Earlier this year, Minnesota lawmakers came within a whisker of enacting a sorely needed corporate tax reform that would have insulated the state from the corrosive effect of offshore corporate tax dodging. This reform, known as worldwide combined reporting, is the gold standard for corporate tax sustainability at the state level. The state’s near miss, and the second-best solution Minnesota ultimately enacted this year, known as GILTI (the Global Intangible Low Taxed Income provision), each provide a blueprint for the loophole-closing strategies that other states should prioritize.
The goal and strategy of worldwide combined reporting are simple: the goal is to prevent large multinational corporations from artificially shifting their income out of the U.S. and into foreign tax havens, and the strategy is to require big multinationals to include all their income—from the biggest nation to the smallest foreign tax haven – in one big pot before determining Minnesota’s proper share of worldwide income.
Absent this reform, big multinationals can reap huge tax cuts by shifting their U.S. profits out of Minnesota—where state tax laws can, sensibly, reach those profits—to low-rate foreign tax havens that are utterly beyond the reach of states. This income shifting remains a gigantic drain on corporate taxes, as an ITEP analysis of IRS data reveals. Because worldwide combined reporting starts by putting the income of foreign subsidiaries in the same pot as domestic profits, it takes away the incentive for companies to shift their income out of the U.S. and into tax havens.
If this strategy sounds familiar, it should: it’s the same concept as water’s edge combined reporting, a vital reform half the states have now put in place to prevent corporations from artificially shifting U.S. income into low-tax states. The “water’s edge” version prevents companies from using Delaware as a tax dodge but is helpless to prevent profits from sailing across the ocean to more exotic tax havens like the Cayman Islands or Luxembourg. Extending an existing combined report beyond the water’s edge, or enacting a combined report that immediately reaches worldwide, is a reform that would put an end to aggressive profit-shifting in one fell swoop.
When Minnesota’s House and Senate passed worldwide combined reporting earlier this year (before lawmakers lost their nerve in conference committee), it took many observers by surprise. But from a worldwide perspective, this move was anything but shocking: around the world, the walls are closing in on offshore corporate tax avoidance.
More than 140 countries have now signaled their support for a multinational effort to tax corporate income where it is earned. A new corporate tax backstop enacted by Congress and the Biden administration last year promises to help mitigate corporate efforts to hide profits in tax havens. Even the otherwise-awful Tax Cuts and Jobs Act (TCJA) included provisions—most notably GILTI—designed to discourage artificial offshoring of profits. Seen through this lens, Minnesota’s move seems both predictable and welcome.
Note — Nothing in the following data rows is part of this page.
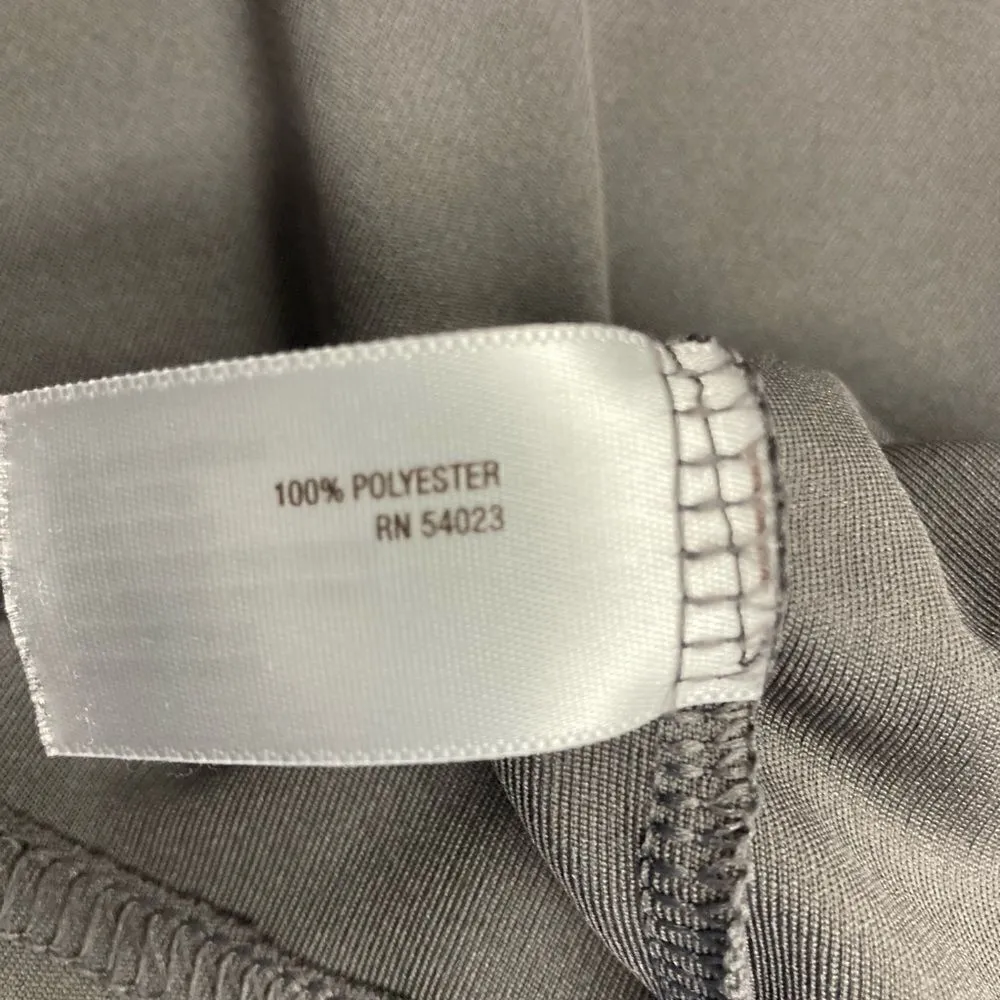 OLD NAVY, Women’s Active Shirt, gray, Medium‎ - Image 8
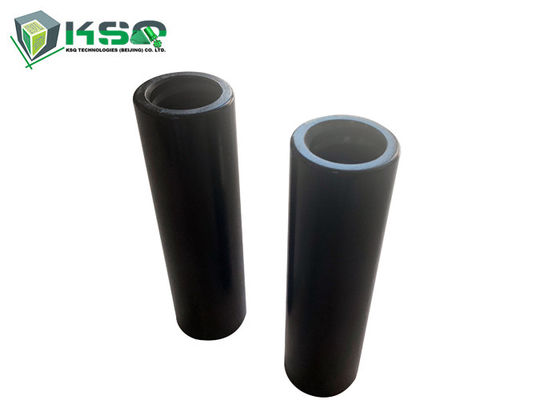 Yeraltı Madenciliği R32 150mm 170mm 190mm Uzunluk Dişli Çubuk Kaplin Kovanı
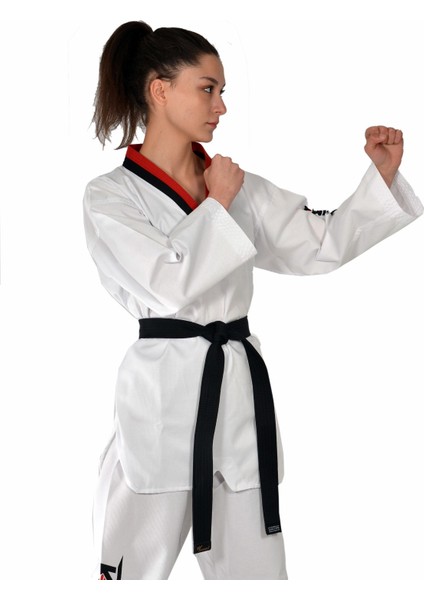 Pum Yaka Taekwondo Elbisesi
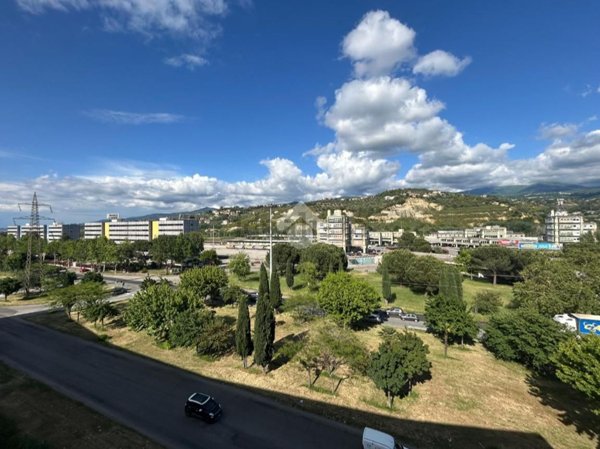 appartamento in vendita a Cosenza in zona Via Popilia
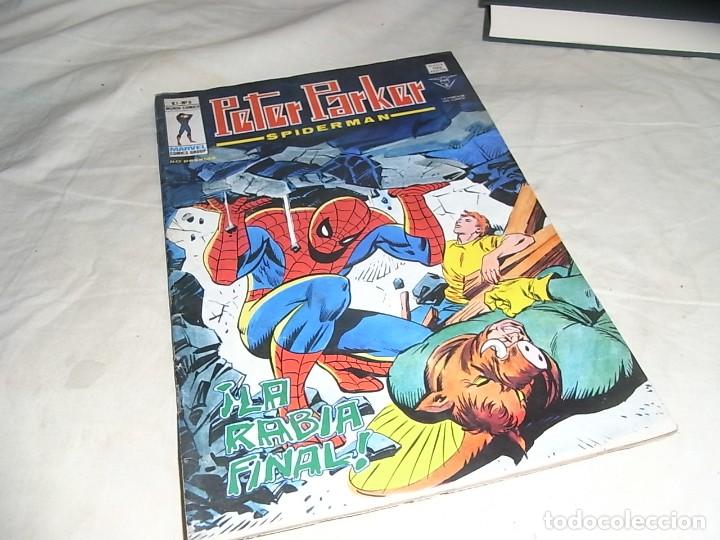 C&oacute;mics: Peter Parker Spiderman, volumen 1, numero 8 - Foto 1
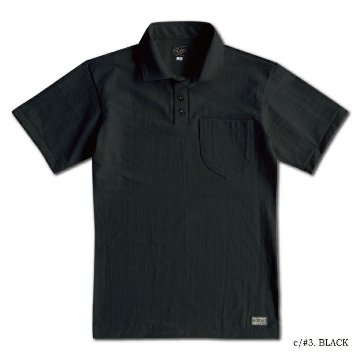 SCT30S BK クラシックカラー30S DELUXEWARE デラックスウエアＴシャツ DALEE'S ダリーズTシャツ【送料無料】【smtb-tk】【楽ギフ_包装】の画像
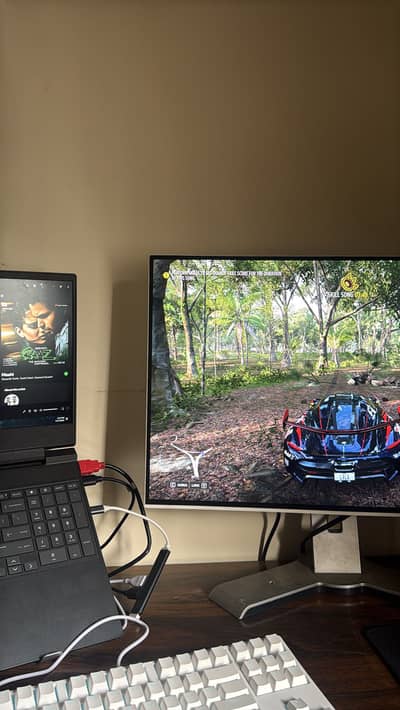 EIZO 24 INCH MONITOR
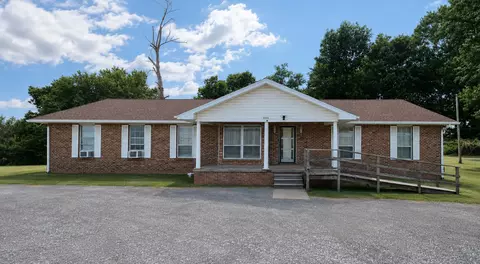 1525 N County Line Rd E, Fort Gibson, OK 74434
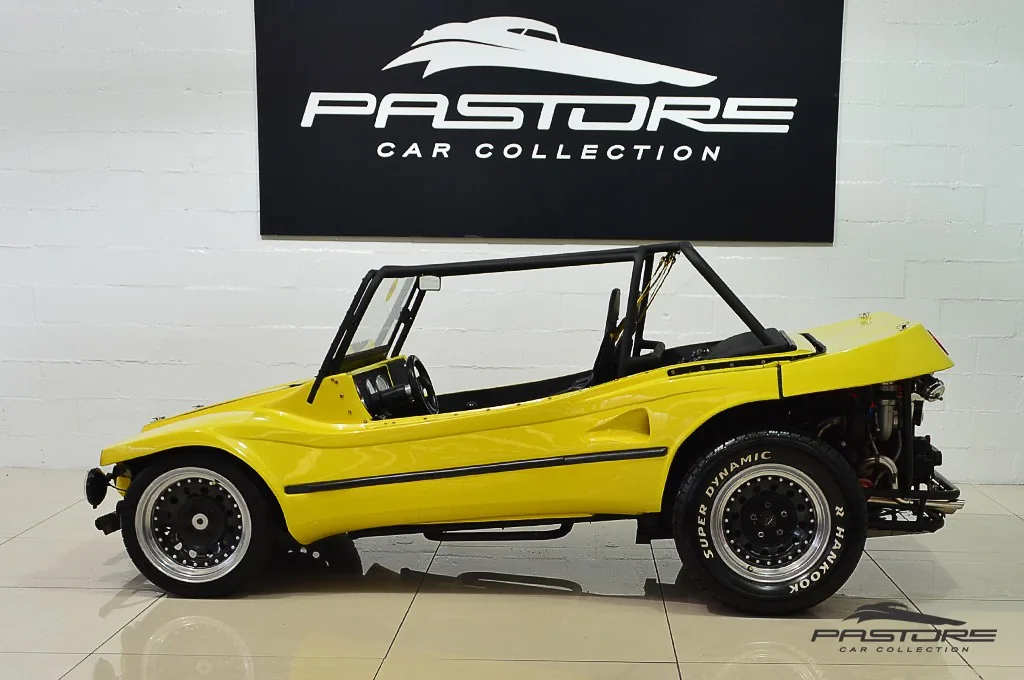 Emis Buggy 2.0 Turbo
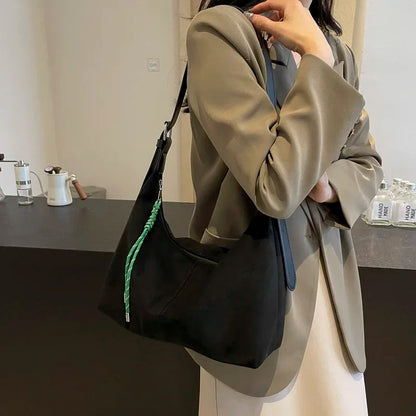 Aria Slouch Bag
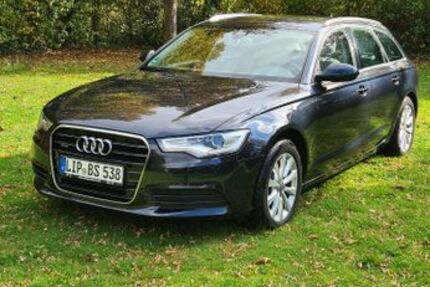 Audi A6 172.613 km 10.900 € Lemgo 32657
GILTI conformity is a clear second best compared to worldwide combined reporting but is nonetheless a valuable step forward. Enacted at the federal level as part of the 2017 Tax Cuts and Jobs Act, the GILTI provision is designed to discourage offshore income shifting. Rather than identifying specific foreign tax havens, GILTI applies a U.S. tax to foreign profits that are disproportionately large relative to the offshore tangible assets that supposedly are generating these profits. In particular, GILTI applies to foreign income exceeding a 10 percent rate of return on foreign tangible assets.
While the GILTI approach is less explicitly targeted to specific foreign tax havens, it’s designed to ensure that large multinationals best known for shifting profits into foreign tax havens will no longer be rewarded for doing so. And early indications are that it’s achieving this goal.
For example, Minnesota-based 3M has paid an average of $65 million a year in GILTI tax over the five years since GILTI took effect at the federal level, a clear indication that the company is reaping suspiciously large profits in foreign countries where its physical footprint is small. So the state’s move to couple with this federal provision will help ensure that GILTI tax payments made by 3M and other large multinationals will benefit Minnesota taxpayers as well, to the tune of over $400 million during the next biennium.
Minnesota’s last-minute retreat from worldwide combined reporting, and subsequent embrace of GILTI, appears increasingly a Pyrrhic victory for the business lobbyists who used misleading scare tactics to jangle lawmakers’ nerves.
These lobbyists, acting at the behest of large multinational corporations, have protested vigorously against every sustainable corporate tax reform proposal in the last quarter century. They complained when more than half the states enacted water’s edge combined reporting as the 21st century began; they have pushed for a bigger sales factor, more generous manufacturing incentives and research tax credits; and have fought against better disclosure of how this raft of tax breaks affect their own tax rates. They do it not because their arguments have merit, but because pushing for ever-lower corporate taxes is their job. And, until recently, they have done their job well.
But the qualified success of Minnesota’s GILTI conformity—to say nothing of the state’s serious dalliance with the game-changing worldwide combined reporting–sends a clear signal that the days may be coming to an end when big multinationals can scare state lawmakers into allowing them to game the tax system. For lawmakers seeking to level the playing field for small businesses against the predations of big multinationals, following in Minnesota’s footsteps should be on the short list of reform goals.